I got curious; some internet searches quickly found the explanation. This is a relatively new feature of the Internet, RFC 5785, published April 2010 (RFC 5785 – Defining Well-Known Uniform Resource Identifiers (URIs)). From the RFC:

“It is increasingly common for Web-based protocols to require the discovery of policy or other information about a host (“site-wide metadata”) before making a request…this memo defines a path prefix in HTTP(S) URIs for these “well-known locations”, “/.well-known/”.”

In this case, the two “well known” files being requested are involved in associating a web site with a native smart phone app. This is a valid feature for a search engine to be interested in: it can list the associated native app on the web page in search results. See this site for a more detailed discussion:
Google bot hits on files ‘apple-app-site-association’ and ‘assetlinks.json’ showing up in Google Webmasters as pages with errors. It’s understandable, then, that Google would be looking for files like these – it’s looking to add connections to native apps to its search results.

Summary

In just the first month that the Curious Prog web site was live, I saw a wide variety of attempts at breaking in to the site or learning information to provide a way to break in, looking for features of WordPress with known vulnerabilities. The above are only examples; there were a lot more attempts. But the examples shown in this post capture the general character of hack attempts on the site:

  • Learning the names of authors on the site by making elementary requests to the site
  • Making requests to xmlrpc.php to run code in the server
  • A brute force attack on “wp-login.php” attempting to discover valid usernames and passwords
  • Looking for stray database backup files which would carry internal information for the site (user names and encrypted password)

Curiosity also led to learning about the “/.well-known” directory (RFC 5785).

What can be done?

What can be done to protect from these attacks?

  • Select long passwords, greater than 8 characters: with more possibilities, it becomes more time consuming to guess passwords via brute force attacks.
  • Make sure that your password isn’t an obvious one (for example, “password”, “123456”, and “letmein”). Brute force attacks will try these on your site! Check a site like Worst, most common passwords for the last 5 years and see if your password is on the list, and change it if so! Follow the advice given for creating passwords on most web sites: combinations of letters and numbers, uppercase and lowercase letters, maybe a sequence of words that are memorable.
  • Uninstall any plugins that aren’t really being used on your site, and any theme other than the theme you’re using. Themes and plugins sometimes have their own bugs that can create open doors for hackers – they’re patched once they’re found, but sometimes some time passes before this initial discovery. So if you have a database plugin installed on your site and aren’t using it any more, uninstall it – remember that database file enumeration attack!
  • Disable vulnerable features that aren’t being used (“xmlrpc.php” and the “/?author=1” and “/wp-json/wp/v2/users” requests). But understand that disabling these features may prevent some features from working (see below for details)
  • Enable daily full backups of your WordPress files and the database. If a hacker does break into your site and does some damage to it (adding spam or links to spam sites) you can have your site restored to a good state from a backup. Many hosting companies offer backup features, and there are database backup plugins available for WordPress, too (but do some research on any backup plugin you’re considering using to make sure that it doesn’t have a security vulnerability that exposes the backed up database to external access as noted above)

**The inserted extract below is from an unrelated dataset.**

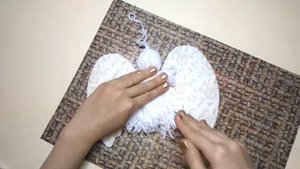 Рождественский ангел из ниток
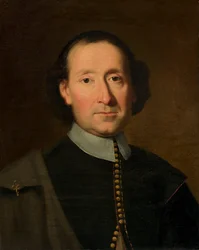 Portret mężczyzny, połowa XVII wieku.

I disabled the “xmlrpc.php” call using the following setting in the “.htaccess” file at the root of the site:

<Files xmlrpc.php>
order deny,allow
deny from all
</Files>

Note that xmlrpc.php is used for tracebacks, disabling it will keep traceback comments from working. The Jetpack plugin also relies on using xmlrpc.php for some of its features, so disabling xmlrpc.php would interfere with its use.

The Wordfence Plugin “community edition” (free) successfully disabled the “/?author=1” and “/wp-json/wp/v2/users” interfaces that were targets of quite a few attacks. It also monitors accesses to the site and automatically instates temporary blocks on IP addresses that were doing brute force attacks (i.e., very frequent, unusual requests on the site). The blocks seem to last for about a week and then get released. The Wordfence plugin will also do frequent scans of your WordPress site and will notify you of anything unusual that it finds, including the presence of unexpected files – this might help with the database backup file issue discussed in this post.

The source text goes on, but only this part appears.